[Start of Attachment]

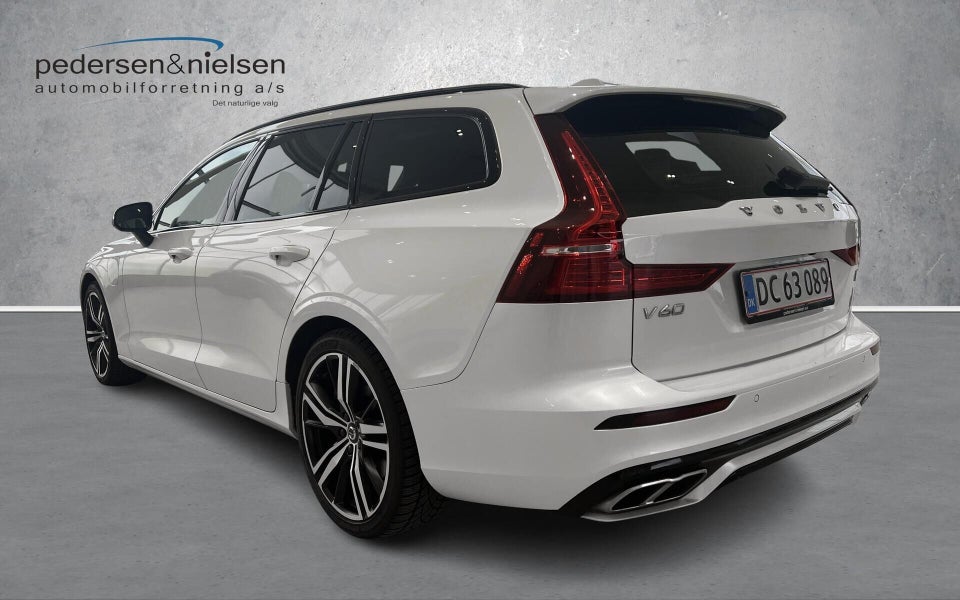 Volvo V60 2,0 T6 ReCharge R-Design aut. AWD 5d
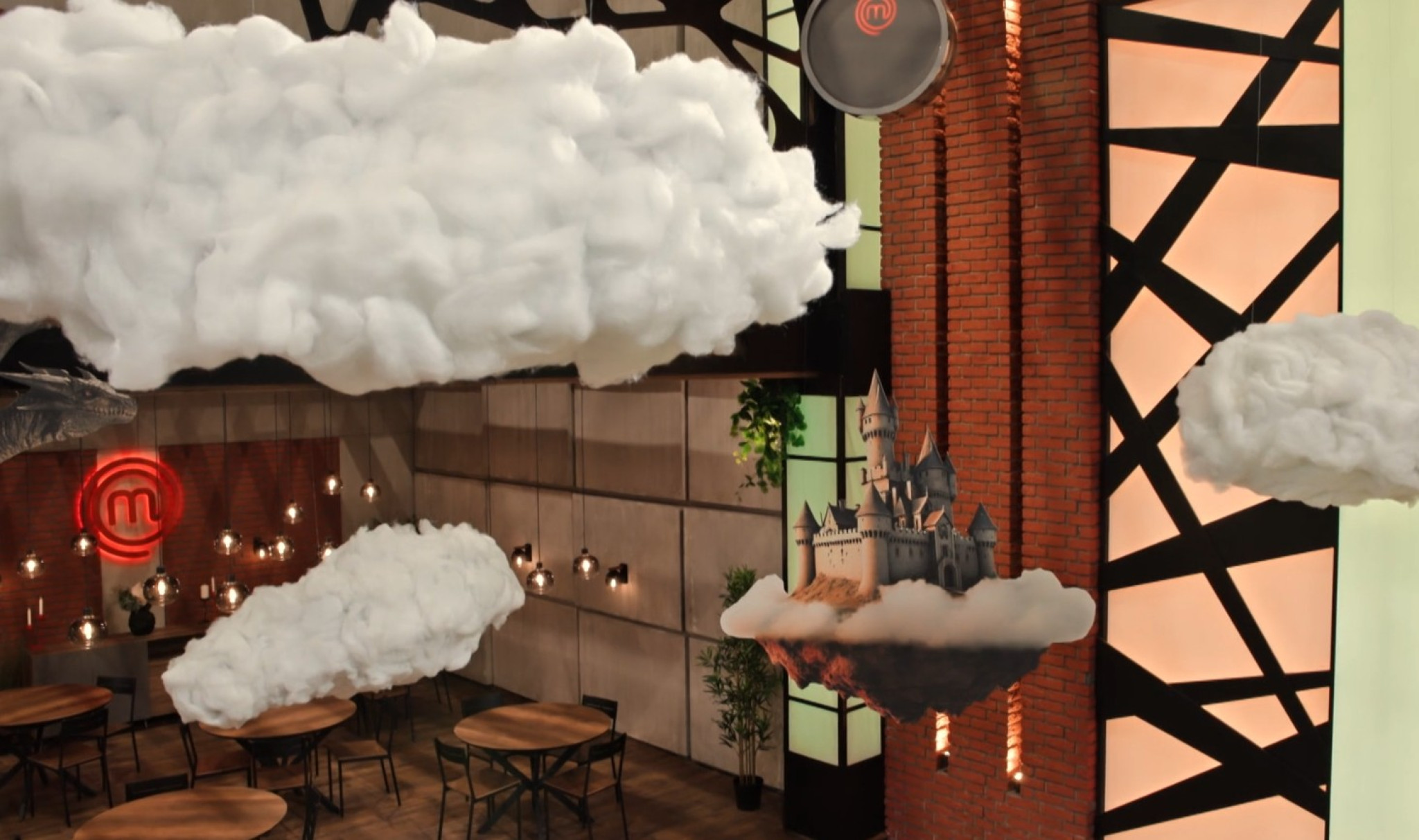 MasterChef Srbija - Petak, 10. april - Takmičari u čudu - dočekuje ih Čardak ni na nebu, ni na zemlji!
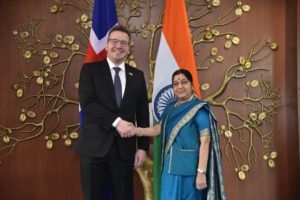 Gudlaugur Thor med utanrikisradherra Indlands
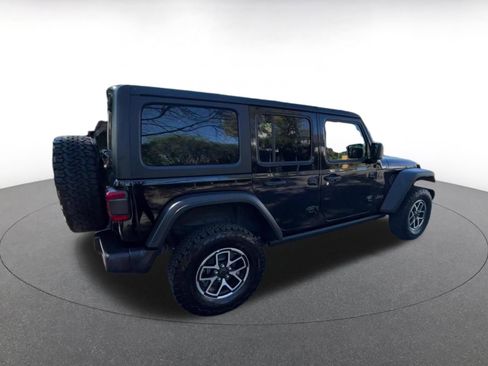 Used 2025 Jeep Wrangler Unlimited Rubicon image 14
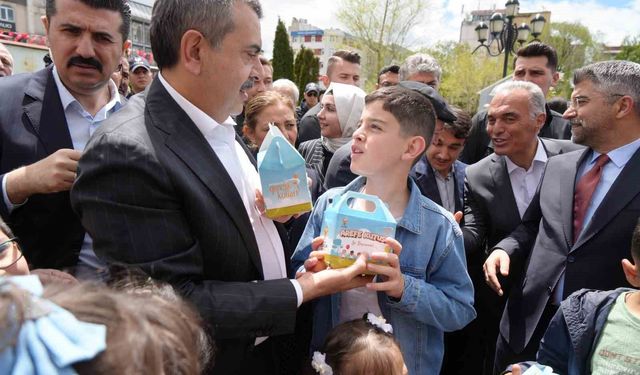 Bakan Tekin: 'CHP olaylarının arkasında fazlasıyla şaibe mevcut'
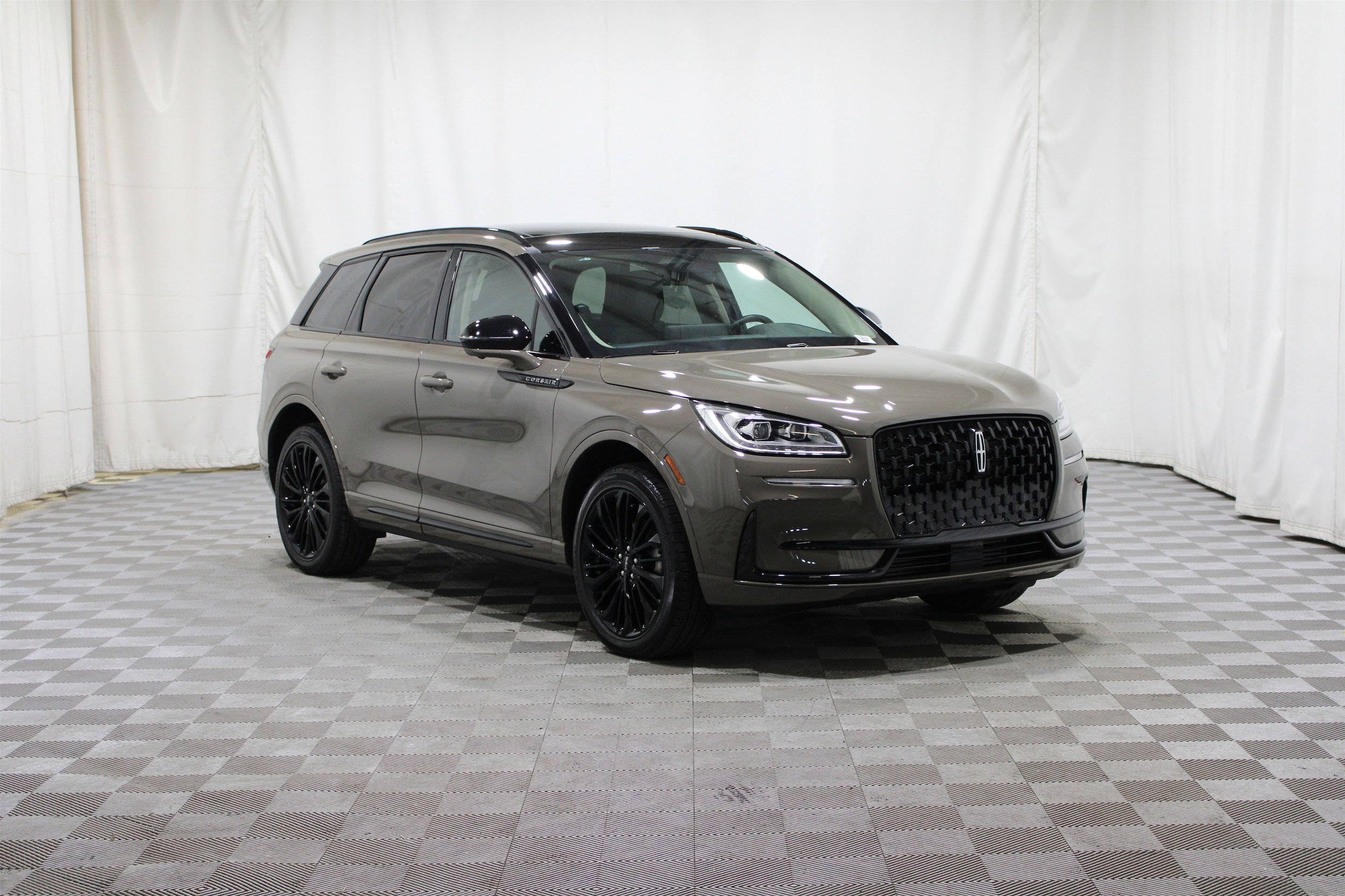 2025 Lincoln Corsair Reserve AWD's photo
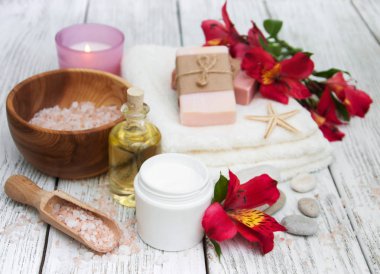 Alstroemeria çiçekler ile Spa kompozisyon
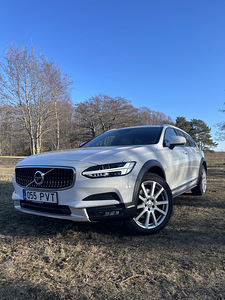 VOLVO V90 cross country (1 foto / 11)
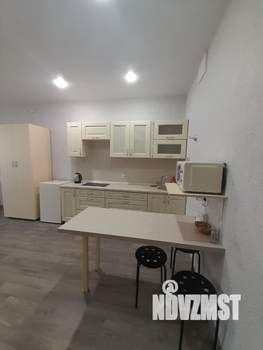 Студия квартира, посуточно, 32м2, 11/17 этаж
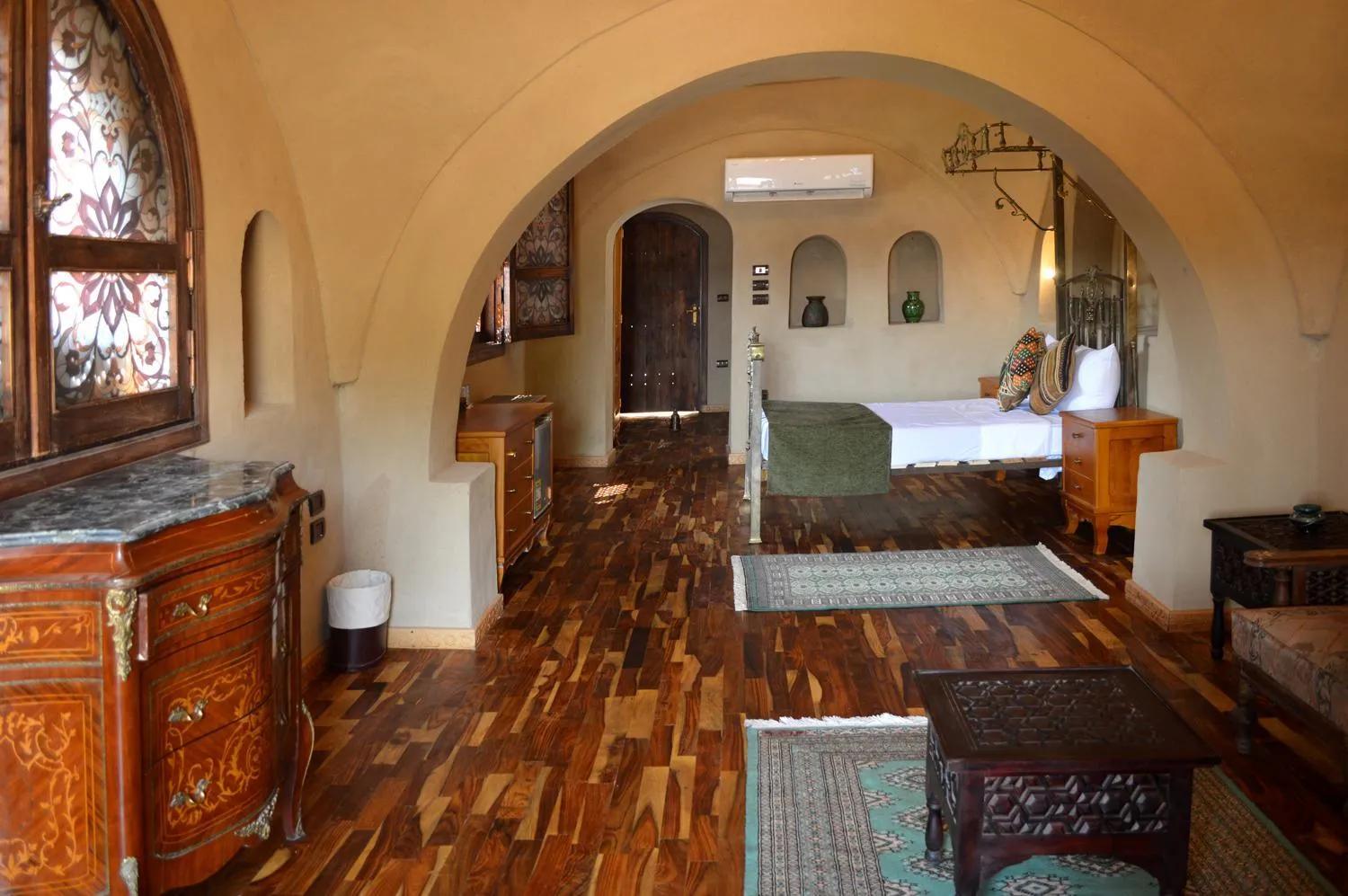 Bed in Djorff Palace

[End of Attachment]

THE TASK >>
With pictures left out, extract the lines from the one containing "Студия квартира, посуточно, 32м2, 11/17 этаж" to the end of the material above, both included, exactly as written.

OUTPUT FOR THIS TASK >>
 Студия квартира, посуточно, 32м2, 11/17 этаж
 Bed in Djorff Palace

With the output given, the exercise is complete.